Design of Bug Bounty Schemes
Status:
This project started in Fall 2022 and is ongoing.
Researchers:
Prof. Dr. Hans Gersbach (ETH)
Dr. Fikri Pitsuwan (ETH)
Industry Partner:
Swiss Post
Description:
Softwares often have security vulnerabilities and can be attacked by adversaries, with potentially significant negative social or economic consequences. To protect themselves, organizations traditionally invest significant resources into building and maintaining dedicated security teams. In recent years, however, systems have increased in complexity and internal teams are no longer adequately addressing potential vulnerabilities. It may be that 50% of all bugs are not found internally.
Given this, organizations have increasingly relied on bug bounty programs, where external individuals probe the system and report any vulnerabilities (bug) in exchange for monetary rewards (bounty). In addition to tech companies and blockchains, recent successes in these programs have led authorities to systematically adopt bug bounty as a main measure in their government’s cybersecurity. For example, the Federal Council of Switzerland states in a recent press release that “standardised security tests are no longer sufficient to uncover hidden loopholes. Therefore, in the future, it is intended that ethical hackers will search through the Federal Administration’s productive IT systems and applications for vulnerabilities as part of so-called bug bounty programmes.”[1]

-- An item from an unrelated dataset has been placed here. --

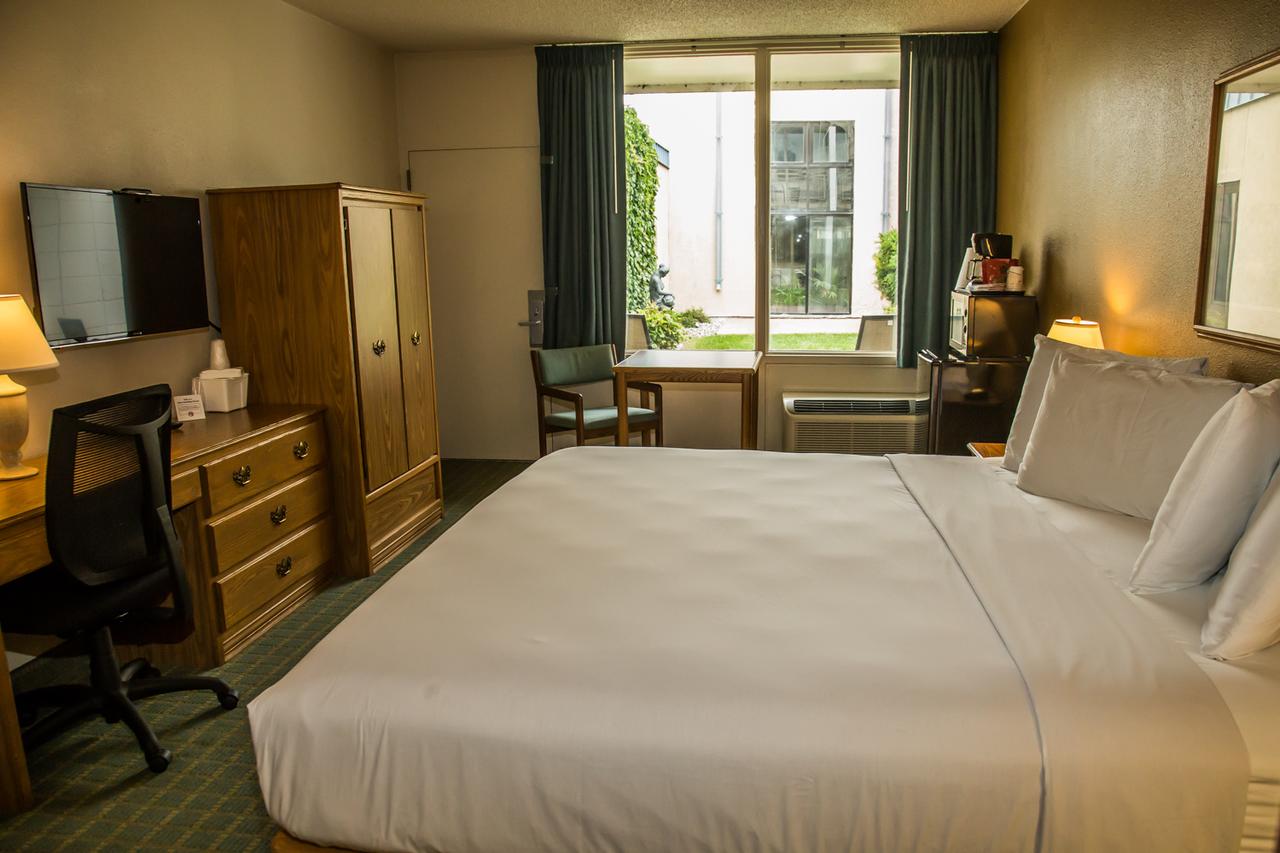 Baymont By Wyndham Fargo - thumb 34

Despite its growing importance, however, the design of bug bounty schemes in softwares and blockchains has not been the focus of economic research. Our project aims to offer insights into some of the dimensions of bug bounty design with tools from game theory and mechanism design.

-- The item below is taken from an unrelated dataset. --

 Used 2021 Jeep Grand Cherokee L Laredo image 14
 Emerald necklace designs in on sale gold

Specifically, we build foundational models to study bug bounty schemes. We focus on important design variables:
- How large should the crowd of agents invited to find bugs be?

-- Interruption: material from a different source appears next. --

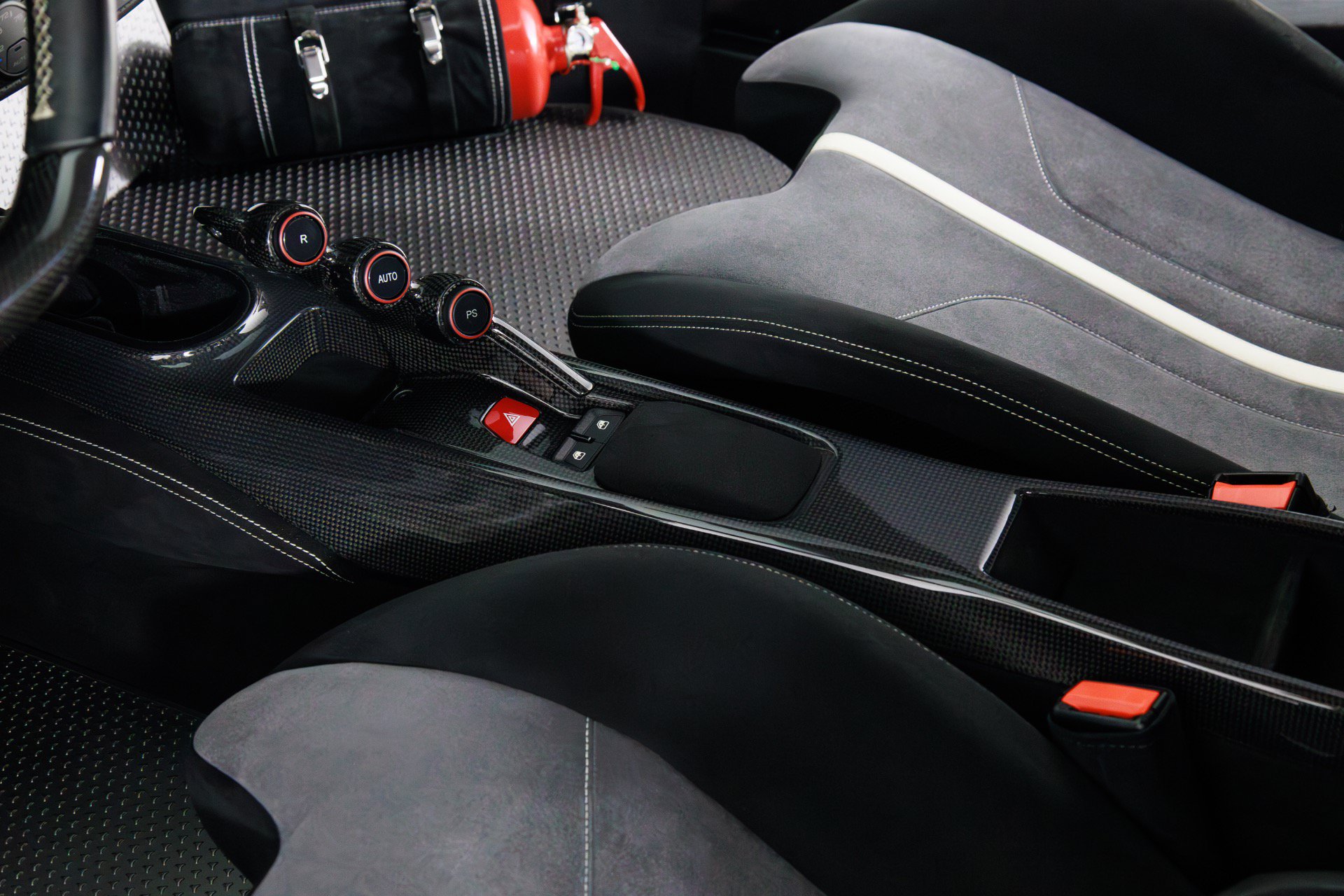 Used 2020 Ferrari 488 Pista Coupe RWD image 21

- Should paid experts be added to the crowd of invited bug finders?
- Should artificial bugs be added to the software to increase participation in bug finding?
- How should prizes for real and artificial bugs be designed?
- How should the existence of artificial bugs be communicated?
- How should prizes for successful bug finding be determined?
- How do entry checks and barriers regarding the reputation and past achievements of security researchers affect the probability of finding bugs?
- Alternatively: would the opposite approach (only allowing greenhorns) be beneficial in a bug bounty scheme?
- How can bug bounty programs be designed to attract able security researchers in the war for talented security researchers?
- How can rewards (monetary, reputation and career concerns) be optimally mixed in order to achieve the best balance between software security and costs of bug bounty schemes?
To answer these questions, we develop foundational models of crowd-sourced security and generate insights for bug bounty schemes for particular environments. A group of individuals of arbitrary size is invited to search for a bug. Whether a bug exists is uncertain. The individuals differ with regard to their abilities, which we capture by different costs to achieve a certain probability to find bugs if any exist. Costs are private information. We study equilibria of the contest and characterize the optimal design of bug bounty schemes. In particular, the designer can vary the size of the group of individuals invited to search, add a paid expert, insert a known bug with some probability, and pay multiple prizes.
We obtain the following results. First, we characterize the equilibria, establishing that any equilibrium strategy must be a threshold strategy, i.e. only agents with a cost of search below some (potentially individual) threshold participate in the bug bounty scheme. Second, we provide sufficient conditions for the equilibrium to be unique and symmetric. Third, we show that even inviting an unlimited crowd does not guarantee that the bug, if it exists, is found, unless there are agents which have zero costs, or equivalently have intrinsic gains from participating in the scheme. It may even happen that having more agents in the pool of potential participants lowers the probability of finding the bug. Fourth, adding a paid expert can increase or decrease the efficiency of the bug bounty scheme. Fifth, we demonstrate that in a model with multiple prizes, having one prize (winner-takes-all) achieves the highest probability of finding the bug. Sixth, we identify circumstances when asymmetric equilibria occur. Lastly, we illustrate how our baseline model can be extended to allow for multiple bugs, multiple experts, and heterogeneity of agents with respect to cost distributions, search times, and skills.
In the next step of the research, we examine how adding (known) bugs can perhaps be useful to the organization for at least three reasons: to motivate contestants, to screen false submissions, and to lower financial commitment. We conjecture that when the additional costs of paying rewards are taken into account, it might be optimal to insert several known bugs, but maybe some only with a certain probability.
Publications
H. Gersbach, A. Mamageishvili and F. Pitsuwan
Decentralized Attack Search and the Design of Bug Bounty Schemes
In Proceedings of the 16th International Symposium on Algorithmic Game Theory (SAGT), 2023 [pdf]
Working Papers and Reprints:
H. Gersbach, A. Mamageishvili and F. Pitsuwan, “Decentralized Attack Search and the Design of Bug Bounty Schemes,” Preprint, 2023 [pdf]
[1] www.admin.ch/gov/en/start/documentation/media-releases.msg-id-89868.html, accessed November 22, 2022.